[00:23:29] <quuxman> I'm struggling with getting my queries to use indexes at the moment
[00:24:44] <quuxman> I'm also having issues with a recent upgrade from 2.4 to 2.6, and failing to build indexes at all. There's the failIndexKeyTooLong command flag, but they don't expose that (MongoHQ / Compose.io). Is there a way to set it from the Mongo client?
[00:27:30] <quuxman> now I just have to figure out how to make the mongo client connect. For some reason using the exact same connection string I'm using in pymongo fails
[00:29:51] <quuxman> can the mongo client connect to a replica set? My connection string has multiple servers
[00:36:02] <quuxman> er, sorry "exception: HostAndPort: bad config string"

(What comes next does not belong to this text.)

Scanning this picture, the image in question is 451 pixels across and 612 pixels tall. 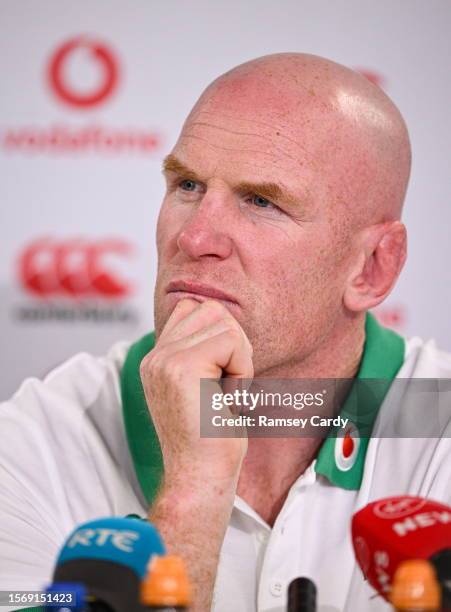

[00:39:47] <quuxman> AH ok, I think I've run into this before, that for some ridiculous reason the mongo shell client doesn't use standard connection strings at all
[00:40:03] <quuxman> I imagine I can use runCommand with pymongo
[00:40:58] <quuxman> should've done that to start with
[00:43:03] <quuxman> I managed to authenticate with the mongo shell, and now I see: "errmsg" : "setParameter may only be run against the admin database.", but I think I can figure that out ;-)
[00:55:58] <Terabyte> hey, I have a document that exists, and I want to add to a subportion of it (in this example, I want to add another sub element to the array of subValues belonging to itemid 4 belonging to myId 1. Still trying to get relational world out of my head, what's the "doc" way of doing this? https://gist.github.com/danielburrell/8249094d5008c9f62fe1
[00:57:58] <Terabyte> A dumb way is to select the document I want, turn it to a pojo, add the item to my pojo, and write the document back (overwriting the old/deleting the original). but I'm fairly sure update() exists for a reason...
[00:59:12] <Terabyte> thanks i'll take a look at that
[01:16:07] <quuxman> When you create an index, the keys are specified in a dict, so I assume there is no order enforced to the index?
[01:16:52] <quuxman> (like in mysql (at least when I used it), where different queries can use an index (foo, bar) than (bar, foo)?
[01:28:12] <lpghatguy> Is there a better way to force a case-insensitive unique index than storing a duplicate normalized case version with its own unique index?
[01:28:23] <lpghatguy> err, that's probably more of a Mongoose-specific question
[01:32:35] <GothAlice> quuxman: No, BSON dictionaries are ordered. Unfortunately not all languages support this feature, so some drivers, like pymongo, have custom datatypes to handle it.
[01:33:54] <GothAlice> quuxman: This means that an index on {company: 1, date: -1} will only optimize queries on (company) and (company, date). Luckily the query optimizer usually figures out to re-arrange incoming queries (if possible), but sometimes you need to give MongoDB a hint. Thus: http://docs.mongodb.org/manual/reference/operator/meta/hint/
[01:35:48] <GothAlice> (There are some nifty optimizations around having frequently accessed data accessible entirely within index data. In an $explain you can see if you're getting this optimization when indexOnly is true.)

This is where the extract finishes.